Leur projet avait été déjoué. Quelques hommes seulement avaient été tués.
Mais parmi ces hommes étaient, comme nous l'avons vu, le cornette Tony et le mystérieux combattant qui semblait depuis un mois le protecteur de l'armée...
Ce fut donc avec une véritable tristesse que les Français entrèrent le lendemain matin dans la citadelle d'Anvers.
Comme toute l'armée, Lavenay, Maurevailles et Lacy entendirent parler de l'explosion du bastion et des victimes que cette explosion avait faites.
Ils eurent en même temps la clef du mystère qu'ils n'avaient pu jusqu'alors pénétrer.
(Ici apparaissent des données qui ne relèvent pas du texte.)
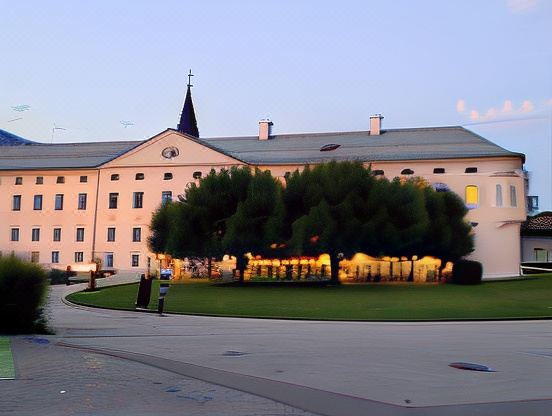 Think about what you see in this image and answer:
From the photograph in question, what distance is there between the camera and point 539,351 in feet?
46.4

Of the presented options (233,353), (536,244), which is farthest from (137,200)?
(233,353)

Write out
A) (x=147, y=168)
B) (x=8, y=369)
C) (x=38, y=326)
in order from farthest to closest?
1. (x=147, y=168)
2. (x=38, y=326)
3. (x=8, y=369)

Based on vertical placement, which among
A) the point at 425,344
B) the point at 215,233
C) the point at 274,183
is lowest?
the point at 425,344

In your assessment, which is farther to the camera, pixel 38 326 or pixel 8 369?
pixel 38 326

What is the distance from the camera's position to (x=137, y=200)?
73500 mm

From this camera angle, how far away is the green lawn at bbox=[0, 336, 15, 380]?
1038cm

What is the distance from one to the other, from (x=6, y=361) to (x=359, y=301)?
23.6m

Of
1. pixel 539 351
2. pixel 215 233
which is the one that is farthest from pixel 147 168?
pixel 539 351

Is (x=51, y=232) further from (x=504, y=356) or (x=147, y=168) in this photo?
(x=504, y=356)

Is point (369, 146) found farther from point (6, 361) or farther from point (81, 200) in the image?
point (6, 361)

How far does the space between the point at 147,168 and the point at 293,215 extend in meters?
30.1

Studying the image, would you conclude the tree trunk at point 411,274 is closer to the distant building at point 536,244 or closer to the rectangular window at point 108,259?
the distant building at point 536,244

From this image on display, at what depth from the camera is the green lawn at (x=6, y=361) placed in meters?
10.4

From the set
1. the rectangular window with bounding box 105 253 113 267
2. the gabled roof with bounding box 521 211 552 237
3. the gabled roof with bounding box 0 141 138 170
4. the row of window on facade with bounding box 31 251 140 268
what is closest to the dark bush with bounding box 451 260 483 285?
the gabled roof with bounding box 521 211 552 237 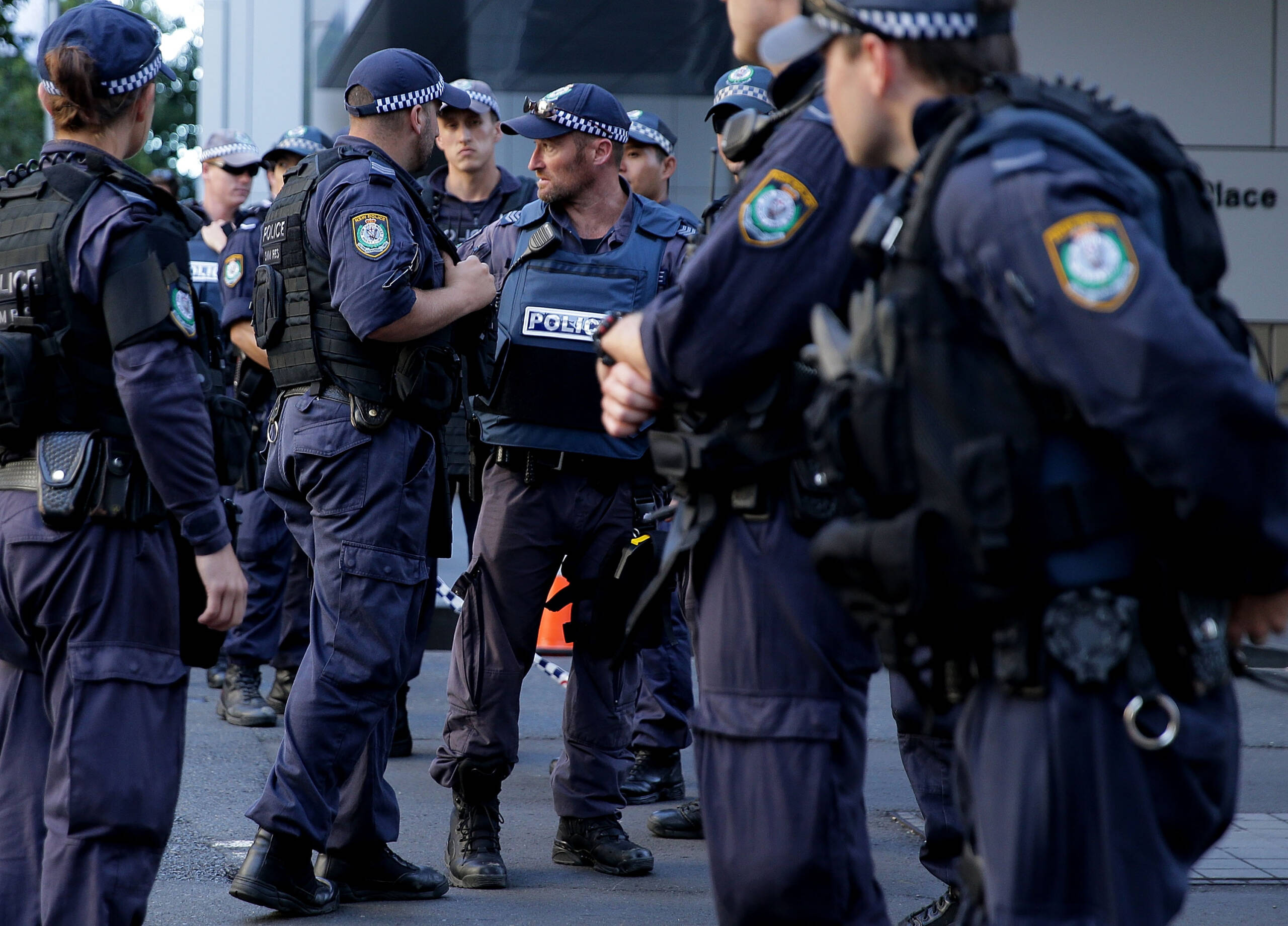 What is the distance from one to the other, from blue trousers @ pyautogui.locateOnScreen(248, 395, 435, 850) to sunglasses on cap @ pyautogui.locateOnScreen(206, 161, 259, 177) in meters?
4.39

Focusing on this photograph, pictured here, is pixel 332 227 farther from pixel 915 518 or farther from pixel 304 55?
pixel 304 55

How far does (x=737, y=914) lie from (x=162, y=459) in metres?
1.53

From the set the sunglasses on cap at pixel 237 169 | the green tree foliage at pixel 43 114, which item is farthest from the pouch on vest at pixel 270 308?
the green tree foliage at pixel 43 114

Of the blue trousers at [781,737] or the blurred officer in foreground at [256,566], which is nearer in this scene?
the blue trousers at [781,737]

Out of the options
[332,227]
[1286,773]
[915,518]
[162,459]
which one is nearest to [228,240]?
[332,227]

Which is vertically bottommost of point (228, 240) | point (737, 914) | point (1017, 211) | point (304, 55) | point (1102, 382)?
point (737, 914)

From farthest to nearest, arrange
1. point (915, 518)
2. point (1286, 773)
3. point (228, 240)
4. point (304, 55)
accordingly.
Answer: point (304, 55)
point (228, 240)
point (1286, 773)
point (915, 518)

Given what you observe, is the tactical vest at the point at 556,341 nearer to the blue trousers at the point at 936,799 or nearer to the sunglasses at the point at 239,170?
the blue trousers at the point at 936,799

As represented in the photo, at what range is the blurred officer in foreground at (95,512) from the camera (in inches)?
122

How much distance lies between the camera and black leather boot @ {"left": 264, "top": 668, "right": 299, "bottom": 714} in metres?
6.77

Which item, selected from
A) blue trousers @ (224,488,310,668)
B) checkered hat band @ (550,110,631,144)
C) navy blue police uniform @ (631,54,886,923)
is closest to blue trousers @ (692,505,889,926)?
navy blue police uniform @ (631,54,886,923)

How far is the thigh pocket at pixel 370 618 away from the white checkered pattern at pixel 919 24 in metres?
2.46

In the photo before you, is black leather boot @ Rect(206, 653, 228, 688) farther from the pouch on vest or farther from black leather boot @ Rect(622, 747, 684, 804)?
the pouch on vest

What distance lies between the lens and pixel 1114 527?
6.35 feet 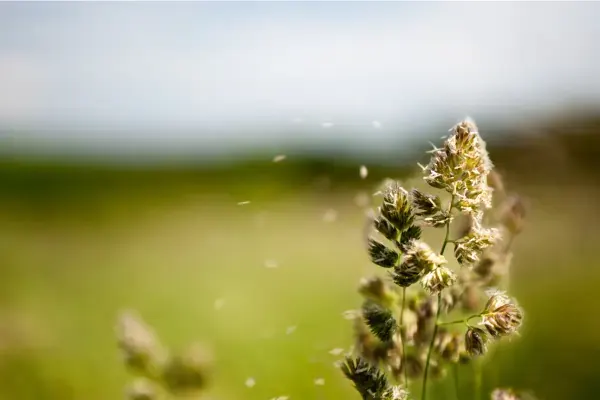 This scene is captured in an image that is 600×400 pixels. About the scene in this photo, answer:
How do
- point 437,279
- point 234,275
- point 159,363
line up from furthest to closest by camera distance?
point 234,275 < point 159,363 < point 437,279

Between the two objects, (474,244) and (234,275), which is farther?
(234,275)

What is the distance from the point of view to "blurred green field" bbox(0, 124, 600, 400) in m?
1.68

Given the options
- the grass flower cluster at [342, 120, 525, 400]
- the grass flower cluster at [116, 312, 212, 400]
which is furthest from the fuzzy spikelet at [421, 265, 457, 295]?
the grass flower cluster at [116, 312, 212, 400]

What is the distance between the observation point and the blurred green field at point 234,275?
1.68 m

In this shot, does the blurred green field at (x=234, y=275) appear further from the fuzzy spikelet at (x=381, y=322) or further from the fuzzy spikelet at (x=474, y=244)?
the fuzzy spikelet at (x=474, y=244)

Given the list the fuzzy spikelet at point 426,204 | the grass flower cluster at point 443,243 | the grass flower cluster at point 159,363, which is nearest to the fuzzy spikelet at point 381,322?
the grass flower cluster at point 443,243

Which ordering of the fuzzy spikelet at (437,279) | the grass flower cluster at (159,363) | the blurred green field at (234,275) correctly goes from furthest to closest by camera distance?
the blurred green field at (234,275) → the grass flower cluster at (159,363) → the fuzzy spikelet at (437,279)

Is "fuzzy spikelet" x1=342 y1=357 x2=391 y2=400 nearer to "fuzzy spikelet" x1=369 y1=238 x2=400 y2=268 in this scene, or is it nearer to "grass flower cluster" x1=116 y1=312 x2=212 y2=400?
"fuzzy spikelet" x1=369 y1=238 x2=400 y2=268

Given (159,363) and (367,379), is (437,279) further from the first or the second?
(159,363)

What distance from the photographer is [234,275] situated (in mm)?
3924

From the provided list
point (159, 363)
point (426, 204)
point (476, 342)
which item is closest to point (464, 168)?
point (426, 204)

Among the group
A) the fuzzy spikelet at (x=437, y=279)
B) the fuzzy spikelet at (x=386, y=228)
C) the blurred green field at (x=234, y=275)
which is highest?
the blurred green field at (x=234, y=275)

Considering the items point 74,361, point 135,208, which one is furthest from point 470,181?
point 135,208

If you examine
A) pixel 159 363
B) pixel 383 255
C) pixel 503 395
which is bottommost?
pixel 503 395
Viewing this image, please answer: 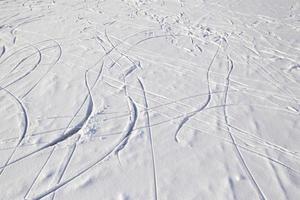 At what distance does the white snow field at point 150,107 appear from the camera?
100.0 inches

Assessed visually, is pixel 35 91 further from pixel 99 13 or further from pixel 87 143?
pixel 99 13

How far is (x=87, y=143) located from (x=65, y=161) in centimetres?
29

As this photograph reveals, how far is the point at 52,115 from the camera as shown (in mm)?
3266

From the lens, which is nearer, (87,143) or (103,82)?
(87,143)

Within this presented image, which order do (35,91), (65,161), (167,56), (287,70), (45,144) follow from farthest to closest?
(167,56) < (287,70) < (35,91) < (45,144) < (65,161)

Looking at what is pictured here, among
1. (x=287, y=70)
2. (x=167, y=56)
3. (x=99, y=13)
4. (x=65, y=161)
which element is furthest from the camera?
(x=99, y=13)

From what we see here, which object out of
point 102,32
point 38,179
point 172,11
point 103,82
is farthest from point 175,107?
point 172,11

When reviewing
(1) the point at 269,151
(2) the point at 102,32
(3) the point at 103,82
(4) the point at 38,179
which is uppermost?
(2) the point at 102,32

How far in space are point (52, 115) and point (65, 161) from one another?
2.42 ft

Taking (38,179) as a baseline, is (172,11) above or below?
above

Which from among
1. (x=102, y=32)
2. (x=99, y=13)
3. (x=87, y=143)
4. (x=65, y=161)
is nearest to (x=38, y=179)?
(x=65, y=161)

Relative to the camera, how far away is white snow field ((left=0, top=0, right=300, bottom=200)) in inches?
100.0

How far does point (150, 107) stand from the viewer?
11.1 feet

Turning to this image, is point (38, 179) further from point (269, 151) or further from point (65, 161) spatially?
point (269, 151) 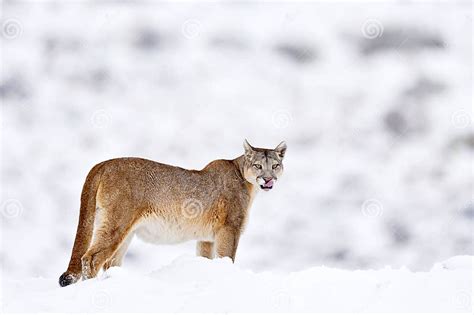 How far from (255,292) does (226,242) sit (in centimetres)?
376

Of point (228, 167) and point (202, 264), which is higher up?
point (228, 167)

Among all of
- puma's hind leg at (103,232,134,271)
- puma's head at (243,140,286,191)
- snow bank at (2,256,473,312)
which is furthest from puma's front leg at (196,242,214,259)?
snow bank at (2,256,473,312)

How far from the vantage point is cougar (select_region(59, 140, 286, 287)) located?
11.3 metres

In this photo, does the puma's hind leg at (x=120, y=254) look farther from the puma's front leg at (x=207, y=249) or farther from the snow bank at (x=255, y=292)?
the snow bank at (x=255, y=292)

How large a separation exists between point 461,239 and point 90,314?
37.1 m

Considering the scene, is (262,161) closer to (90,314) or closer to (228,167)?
(228,167)

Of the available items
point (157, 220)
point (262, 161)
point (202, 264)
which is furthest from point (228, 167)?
point (202, 264)

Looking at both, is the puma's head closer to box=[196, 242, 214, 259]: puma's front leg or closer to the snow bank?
box=[196, 242, 214, 259]: puma's front leg

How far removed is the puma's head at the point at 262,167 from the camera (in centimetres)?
1332

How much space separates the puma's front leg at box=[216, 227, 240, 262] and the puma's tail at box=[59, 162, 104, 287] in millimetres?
2172

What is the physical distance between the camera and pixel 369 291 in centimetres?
913

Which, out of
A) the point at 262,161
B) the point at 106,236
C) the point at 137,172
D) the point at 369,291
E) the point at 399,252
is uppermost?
the point at 399,252

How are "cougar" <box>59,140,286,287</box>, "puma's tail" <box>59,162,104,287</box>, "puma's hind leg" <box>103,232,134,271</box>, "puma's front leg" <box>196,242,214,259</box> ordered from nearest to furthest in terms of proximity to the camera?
"puma's tail" <box>59,162,104,287</box> < "cougar" <box>59,140,286,287</box> < "puma's hind leg" <box>103,232,134,271</box> < "puma's front leg" <box>196,242,214,259</box>

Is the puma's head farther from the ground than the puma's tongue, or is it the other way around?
the puma's head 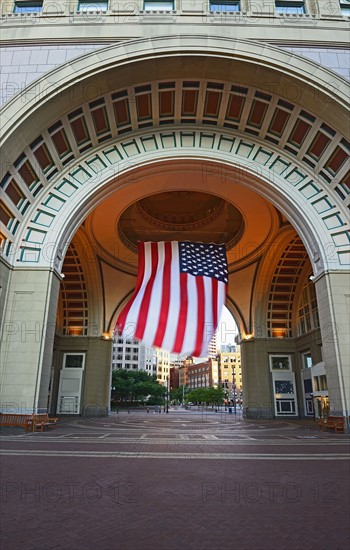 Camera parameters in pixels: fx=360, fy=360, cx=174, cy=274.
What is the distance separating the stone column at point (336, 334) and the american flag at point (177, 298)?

Le sergent du régiment de Bourgogne, qui marchait le dernier dans la petite troupe commandée par Tony, n'était pas mort.
Il avait eu la chance de retomber dans les fossés de la citadelle. L'eau avait amorti sa chute.
Interrogé, il raconta l'apparition de l'homme mystérieux et dit le nom dont Tony avait salué cet homme.
Le combattant inconnu était celui que, de nouveau, ils appelaient «le traître».
Ils comprenaient maintenant pourquoi le marquis n'avait été vu par eux, ni au milieu des vivants, ni au milieu des morts.
Ils comprenaient aussi pourquoi il n'avait jamais combattu au milieu des gardes-françaises.
—Il voulait, dit Maurevailles, non pas se suicider, mais mourir glorieusement, et, pour cela, garder toute son initiative. Son but était de vendre chèrement sa vie, et non de l'offrir.
—Et sa dernière action a été un acte de dévouement. Il est mort glorieusement. Honneur à sa mémoire, répondit Lacy.
—Je ne regrette qu'une chose, c'est de n'avoir pu, une dernière fois, lui serrer la main.
—Que veux-tu? Il nous fuyait. Il avait honte de n'être pas mort encore!...
Le marquis avait honte. C'est vrai.
Il rougissait d'avoir une seconde fois failli à son serment.
Ses amis ignoraient ce nouveau crime. Mais lui, il en avait conscience et c'était assez, c'était trop.
En se montrant, il eût fallu leur parler, mettre sa main dans la leur. Et chaque poignée de main eût été pour lui une douleur, un remords...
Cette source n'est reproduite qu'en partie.